Revision as of 16:36, 24 January 2008

  • Participants: Harmon, Hipp, Hunt

Targets.

  1. Compare various implementations of the same methods (ape, geiger, OUCH, Mesquite)
  2. Improve functionality of character fitting in r
  3. Identify gaps in current implementation

Accomplishments.

  1. Evaluated the results of continuous character analyses in different packages
    • Packages are mostly consistent
    • Discrepancies come from two sources:
      • Different approaches (e.g. marginal versus joint likelihood)
      • Difficulties in finding the ML solution
    • For continuous characters:
      • geiger and OUCH tend to return the same parameter estimates
      • But they return different likelihoods
    • For discrete characters
      • geiger and mesquite are consistent, returning the same parameter estimates and likelihoods
      • geiger and ape are different
      • ape is reporting the joint likelihoods for ancestral states.

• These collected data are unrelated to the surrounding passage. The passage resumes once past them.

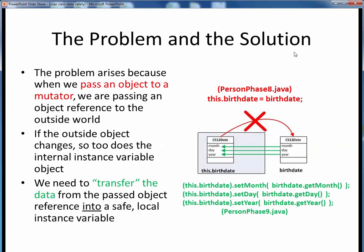The problem arises when we simply equate our instance variable birthdate — this.birthdate — to some outside date object, as done in the current PersonPhase8 version of our birthdate mutator. When we do this, we make a direct connection between what is supposed to be a private instance variable and some object in the outside world. If the outside object changes, so too does the internal instance variable that references it. This is not the way to go about things.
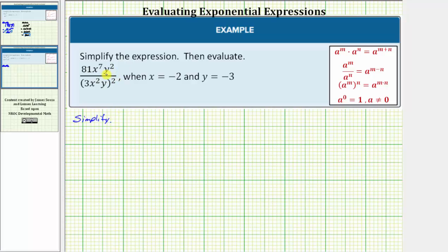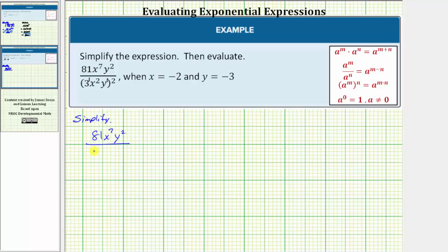Remember when simplifying a fraction, we want to simplify the numerator and denominator separately. Let's first eliminate the parentheses from the denominator by using the power-to-power property shown here, where a raised to the power of m raised to the power of n equals a raised to the power of m times n. Inside the parentheses we have three to the first, times x to the second, times y to the first, all raised to the second power. Therefore we multiply all the exponents inside the parentheses by two. The numerator stays the same: 81x to the seventh, y to the second, divided by three raised to the power of one times two (or three squared), x raised to the power of two times two which is four, and y raised to the power of one times two which is two.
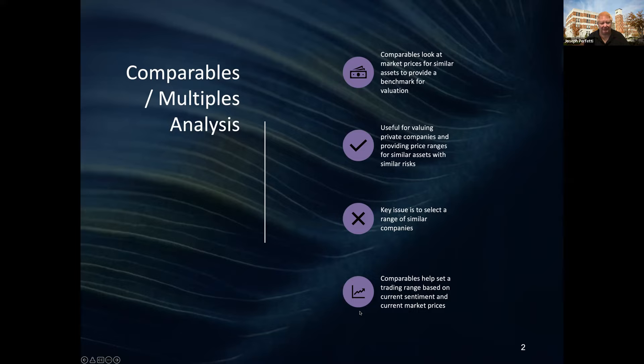Finding similar companies is actually the more challenging part. Another reason why multiples can be helpful is they can be used to value a private company: if you have a private company and publicly traded peers that are very similar, they should probably trade at a similar price. Multiples typically help you establish a range of prices rather than an exact price for the company.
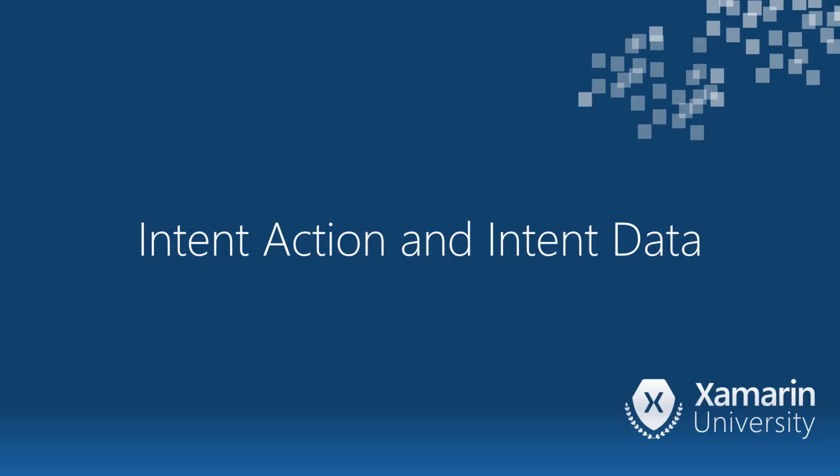It's time to explore what intent action does and how to set the action. We'll also look at intent data, as well as MIME type and intent category. An intent action gives a high-level description of the work you need performed. Some actions are very specific.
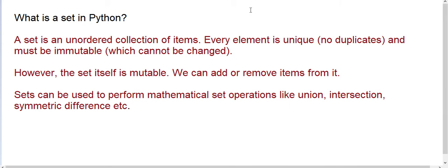I will tell you what is a set in Python. A set is an unordered collection of items where every element is unique and it must be immutable, which cannot be changed further.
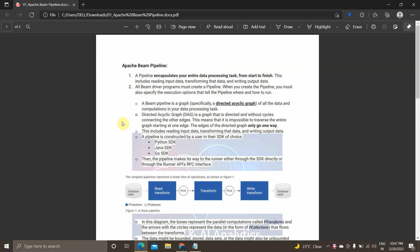Hey guys, I'm Vignesh and welcome back to my YouTube channel Cloud and AI Analytics. Hope everyone is doing good. In today's video we are going to see what is a pipeline in Apache Beam.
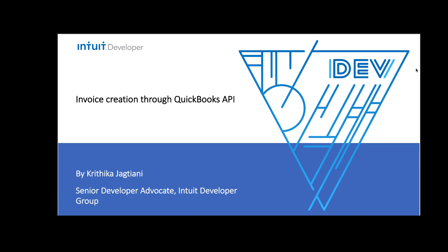Welcome to the Intuit Developer Group. I'm Prithika Jagtyani and I'll walk you through how to create an invoice using the QuickBooks API.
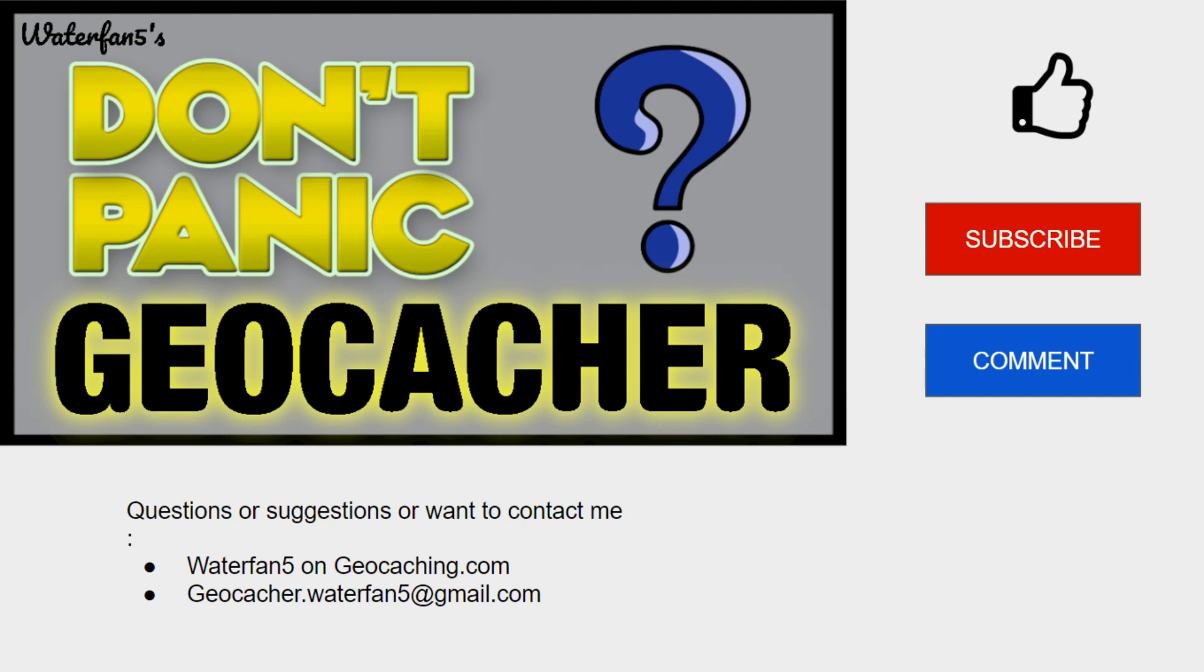I can be reached as waterfan5 on the geocaching.com website. Or you can email me at geocacher.waterfan5 at gmail.com. With that, it's the end of the video. Hope you had a good time. Hopefully, it will help you maybe even find this cache. Who knows? With that, I'll sign off. And hopefully, next time you see a mystery cache, it will make you panic a little bit less.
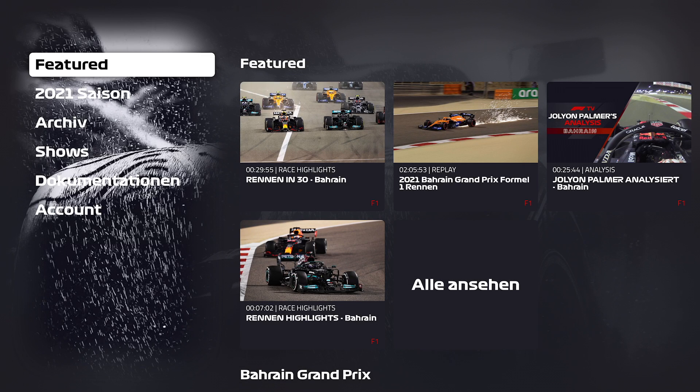Hi and welcome. In this short video I will show you how you can use the new player in the Apple TV app.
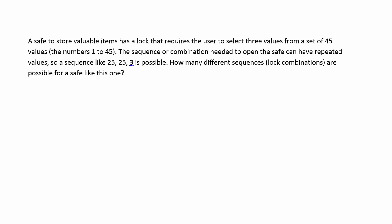A safe to store valuable items has a lock that requires the user to select three values from a set of 45 values. The sequence or combination needed to open the safe can have repeated values, so a sequence like 25, 25, 3 is possible. How many different sequences or lock combinations are possible for a safe like this one?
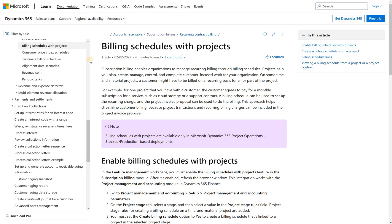Well that's a short summary of the billing schedules with projects feature that became available in version 10.0.32. I hope you found it useful. Until the next time.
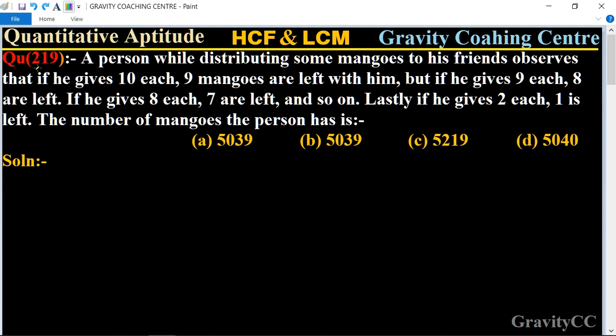Quantitative aptitude, chapter HCF and LCM, question number 219. A person while distributing some mangoes to his friends observes that if he gives 10 each, 9 mangoes are left with him; but if he gives 9 each, 8 are left; if he gives 8 each, 7 are left; and so on. Lastly, if he gives 2 each, one is left. So the number of mangoes the person has is?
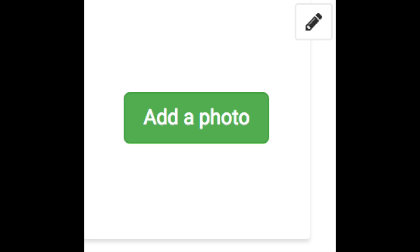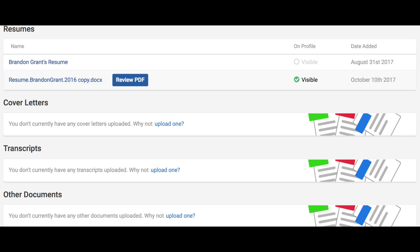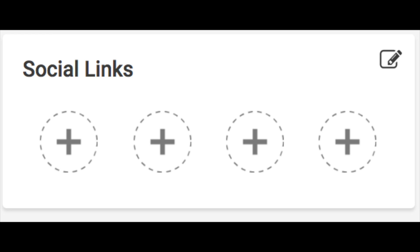You want to also add a profile picture where it allows employers to identify relevant documents such as a resume, cover letter, and more. You can add any other social links such as Instagram, Facebook, and Twitter to show your online media presence.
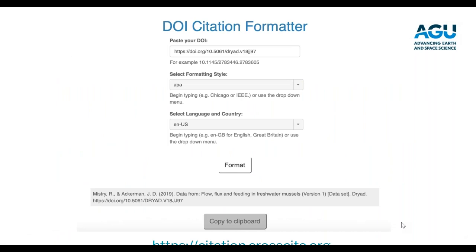A DOI citation formatter can save your life. The tool at citation.crosscite.org lets you plug in a DOI and it formats your citation automatically, so you can easily include it in your references.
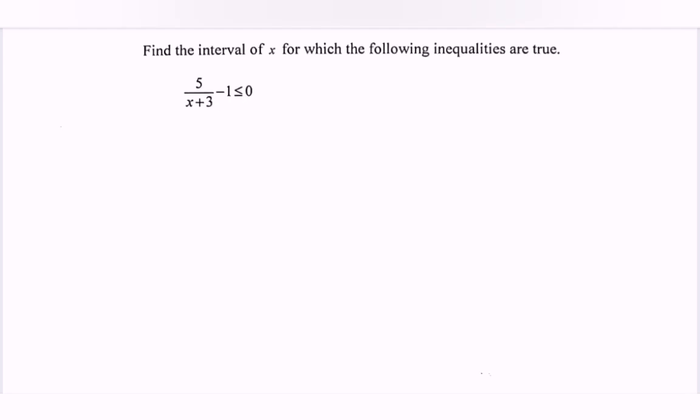Hello everyone. In this video I'm going to discuss the example for rational inequalities. Find the interval of x for which the following inequalities are true.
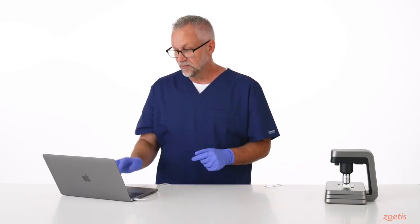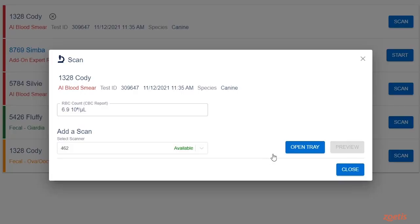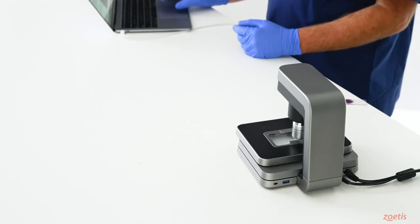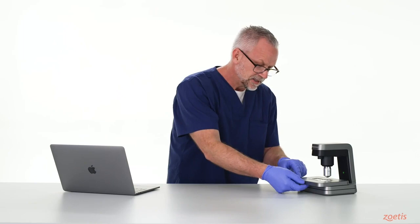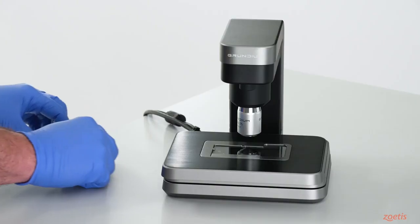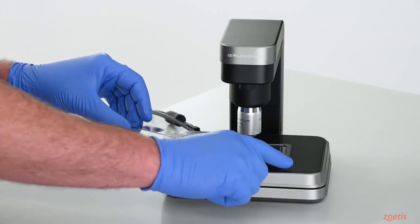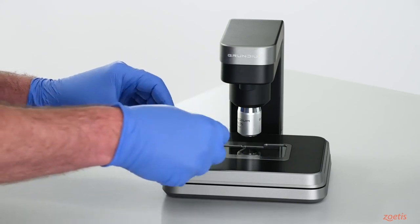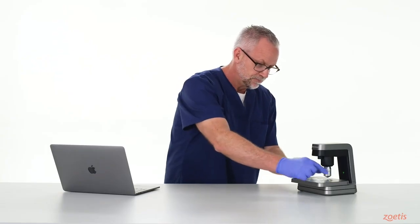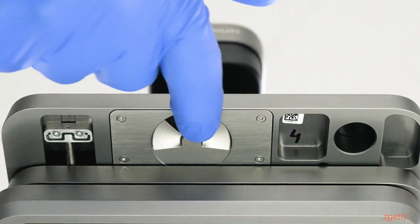If it's closed, you can return to VetScan Imagist and click on the Open Tray button. With the locking mechanism open, place the slide with the label towards the right side of the stage and facing up, and then close the locking mechanism.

This uses the single set of ancestral states that together result in the highest likelihood on the whole tree.
      • mesquite and geiger use marginal likelihoods for ancestral states. This represents the likelihood averaged over all possible ancestral character state values.
      • This also means that you get different ancestral state reconstructions from ape and mesquite
  2. Improved functionality
    • geiger was modified to give more reliable results by a more thorough search of the likelihood surface (fitContinuous)
    • geiger can deal with a more general set of discrete character models (fitDiscrete)
    • geiger's tree transformations now work for nonultrametric trees
  3. Identify gaps in current implementation
    • The main gap, from an end-user perspective, is obtaining estimates of ancestral character states in r
    • ape does this, but only for joint likelihoods, and the function sometimes has trouble finding the ML solution

To do

  1. Implement "white noise" model in geiger's fitContinuous
  2. Investigate statistical properties of these methods
    • Which models can we tell apart?
    • How much data is needed?
    • Are parameter estimates biased?